Grease, composed of fatty acids, esters, or hydrocarbons, is viscous or semi-solid at room temperature. It does not simply “dry out” like water evaporating. The change in its physical state, often resulting in a hard, sticky, or solid residue, is the result of irreversible chemical reactions known as degradation. This process transforms the grease’s molecular structure over time. The material’s original properties of lubricity or fluidity are lost as its component molecules break down and recombine into less desirable compounds.
The Chemical Process That Causes Grease to Harden
The primary mechanism responsible for the hardening of grease is a chain reaction called oxidation. This process begins when molecules within the grease react with oxygen present in the surrounding air, creating highly unstable molecules known as free radicals.

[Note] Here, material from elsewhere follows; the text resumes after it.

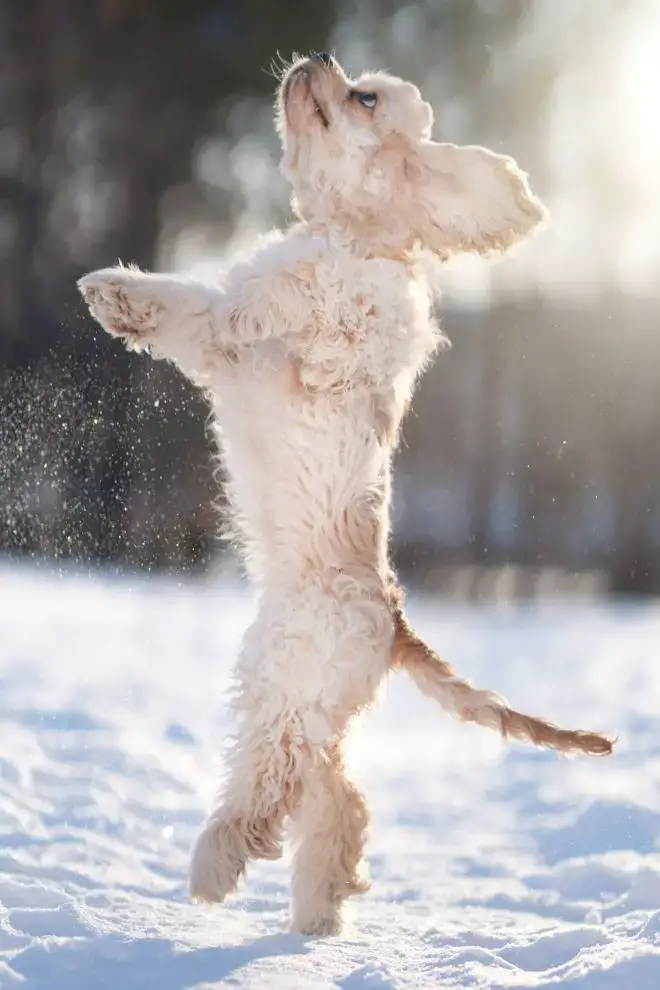 Dog Dancing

These free radicals are extremely reactive and immediately seek to stabilize themselves by reacting with other nearby grease molecules, propagating the degradation cycle. This leads to the second major step: polymerization. During polymerization, the broken molecular fragments link together to form much larger, heavier, and longer molecular chains.
As these molecules grow in size, they lose their ability to flow freely, which causes the viscosity of the grease to increase dramatically. This molecular linking ultimately transitions the grease from a liquid or semi-solid state into a rigid, cross-linked solid, often appearing as a hard varnish or gum-like sludge.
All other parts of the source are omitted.